I messed around with the throttle and governor trying to get it to idle up and it's working... but now it won't stay running.

It fired right up second pull with no primer, but after a minute it started popping. Not loudly or nasty, but enough that I could hear it. Eventually I got into some high drifts, and it died. It won't stay running unless i'm at half choke, and eventually it still dies. After running 5-10 minutes it still won't start without the choke, and it doesn't want to start then. When it does start, I get black smoke from the exhaust.

I'm running 93 Octane Ethanol Free gas.

Also, I need to know how to adjust the drive linkage. There is a bolt near the base of the snowblower that goes through the linkage that I had to take apart to get the rear plate off (it bent backwards because the P.O. took the screws out) Now it won't go into neutral. It works fine in reverse and first though (haven't tried the other forward gears but they worked when I got it)

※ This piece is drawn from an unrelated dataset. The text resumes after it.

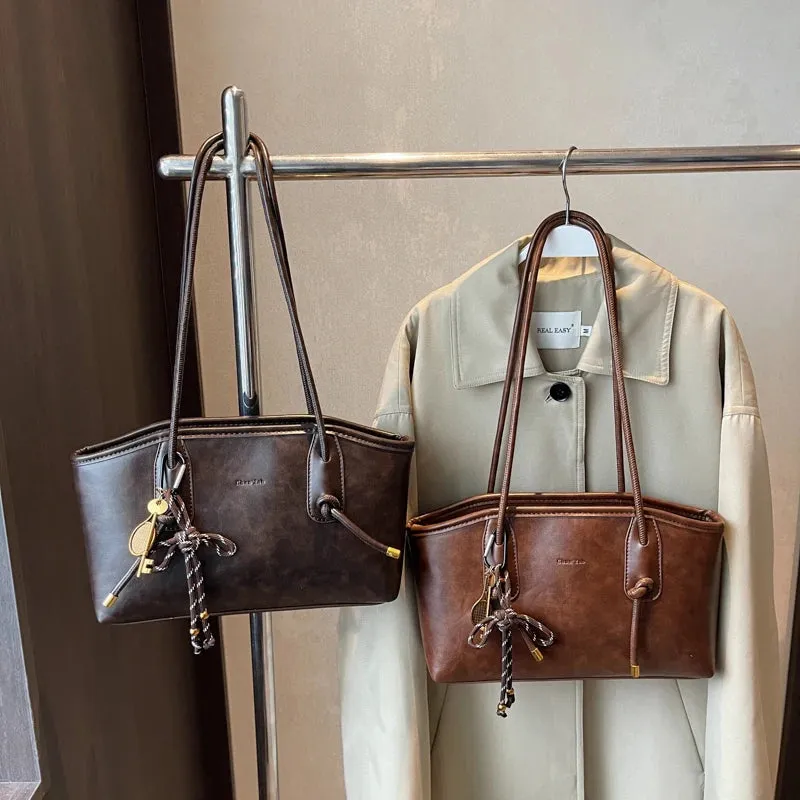 Faux Leather Zipper Retro Tote Bag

Finally, The auger housing with the worm gears in it. Does it take 30wt Non detergent or what? It has a two plugs on it like a fill and a level plug.

Thank you!!!


----------



## detdrbuzzard (Jan 20, 2012)

I would guess that the governor and throttle were set correctly before you messed with them and that the real problem is just a carb that needs cleaning


----------



## motorhead64 (Dec 15, 2013)

Yup. MH


----------



## chillman88 (Feb 14, 2015)

detdrbuzzard said:


> I would guess that the governor and throttle were set correctly before you messed with them and that the real problem is just a carb that needs cleaning


Yeah but I didn't move them much at all... Should I try spraying carb cleaner in it while its running or do you think I probably need an overhaul?

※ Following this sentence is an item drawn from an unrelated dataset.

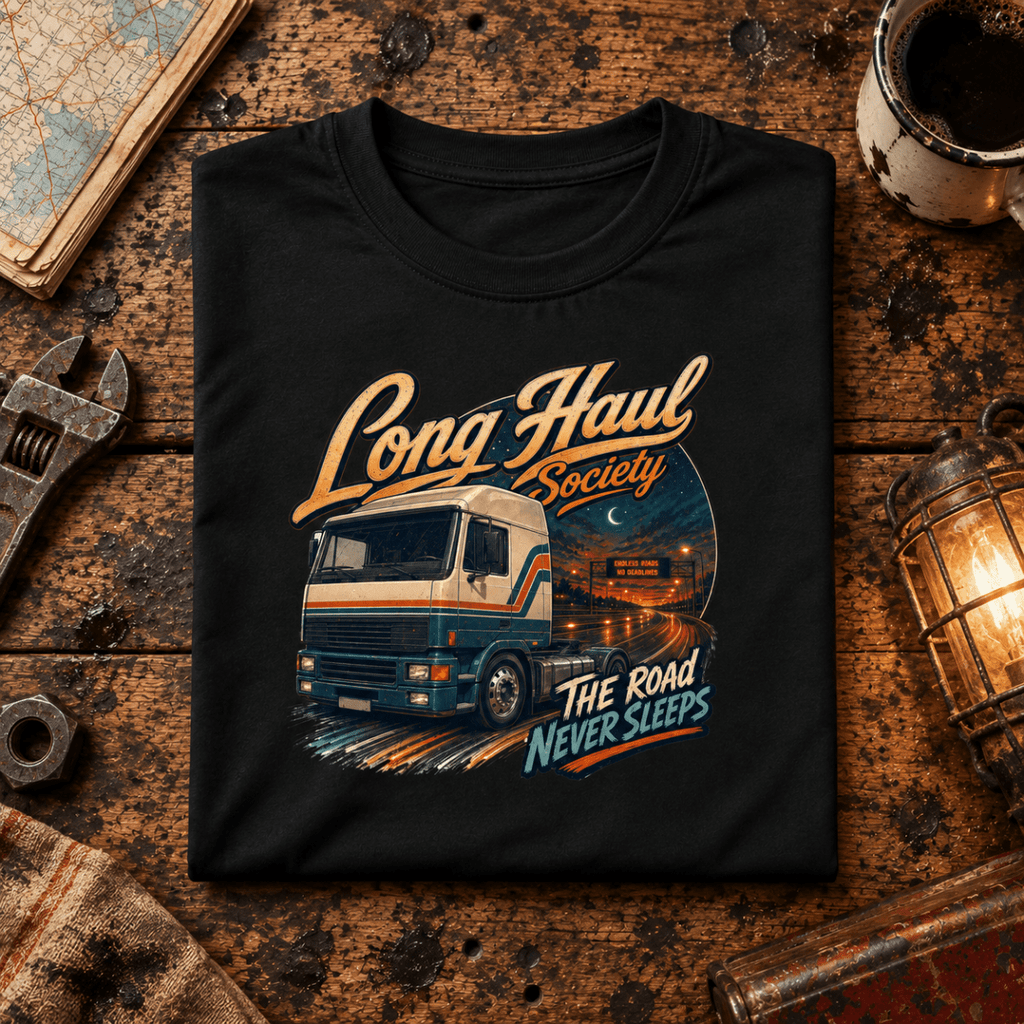 Long Haul Society black folded-front retro workshop product hero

Any ideas on the drive linkage?


----------



## detdrbuzzard (Jan 20, 2012)

chillman88 said:


> Yeah but I didn't move them much at all... Should I try spraying carb cleaner in it while its running or do you think I probably need an overhaul?
> 
> Any ideas on the drive linkage?


do an overhaul and put the gov and throttle back, it doesn't take much to over rev these motors and blow it up. you need to get it running correctly before addressing the drive, I can't help much with that


----------



## chillman88 (Feb 14, 2015)

Well, I put the governor back where it was and I still can't get her to fire. She tries to catch momentarily but just won't quite fire. She's getting spark and fuel. I can't afford a carb or rebuild kit yet (recent major vehicle repairs used it all!)

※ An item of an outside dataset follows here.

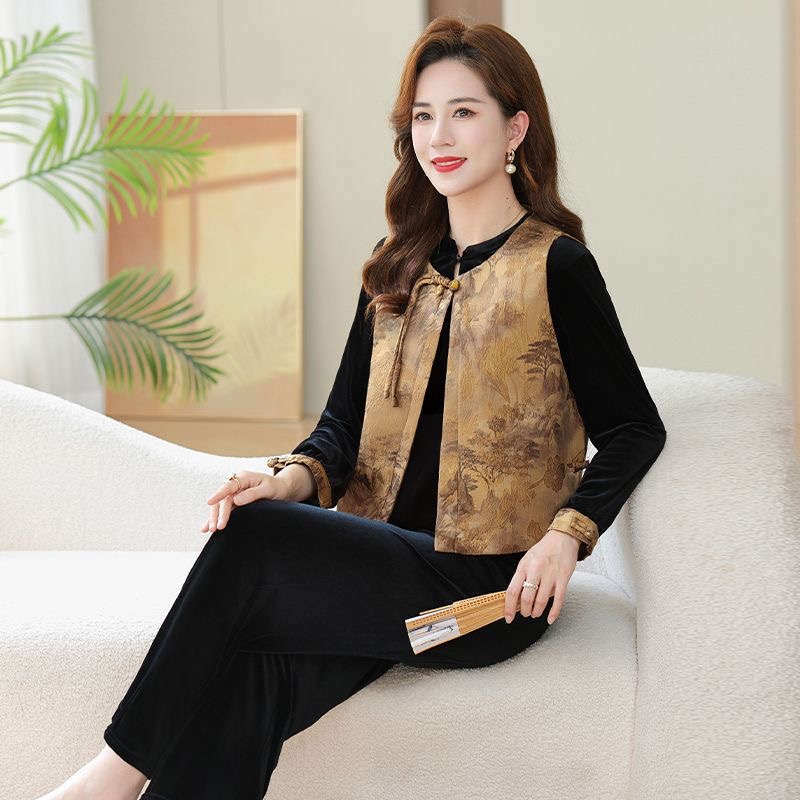 【沐丹阁】马甲三件套中式妈妈春秋季金丝绒套装洋气国风中老年女装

I find it hard to believe the carb went bad just like that. She ran fine Wednesday night when I picked her up. I'll pull the plug and verify the gap and clean it up.

The plug was wet when I pulled it, but I'm pretty sure I flooded it trying to start it. I was screwing around with it for an hour. The recoil won't retract all the way now, but when I manually retract it, it makes no difference in starting.


----------



## chillman88 (Feb 14, 2015)

I also think the resistance from the drive linkage being wrong is putting extra strain on the motor, not helping the no start issue.


----------



## suspicionofignorance2 (Jan 26, 2014)

yes wet plug will not fire...But is it wet from your attempts to start, or from a leaking needle seat flooding...Have you removed the bolt from carb bowl...? Quick clean of the tiny hole, reinstall and notice deep section of bowl under float...and keep gasket up on carb body while positioning...Dry the plug and try again...Good luck.!


----------



## Kiss4aFrog (Nov 3, 2013)

In the auger gear drive it's usually a 80-90 weight gear oil.


----------



## chillman88 (Feb 14, 2015)

suspicionofignorance2 said:


> yes wet plug will not fire...But is it wet from your attempts to start, or from a leaking needle seat flooding...Have you removed the bolt from carb bowl...? Quick clean of the tiny hole, reinstall and notice deep section of bowl under float...and keep gasket up on carb body while positioning...Dry the plug and try again...Good luck.!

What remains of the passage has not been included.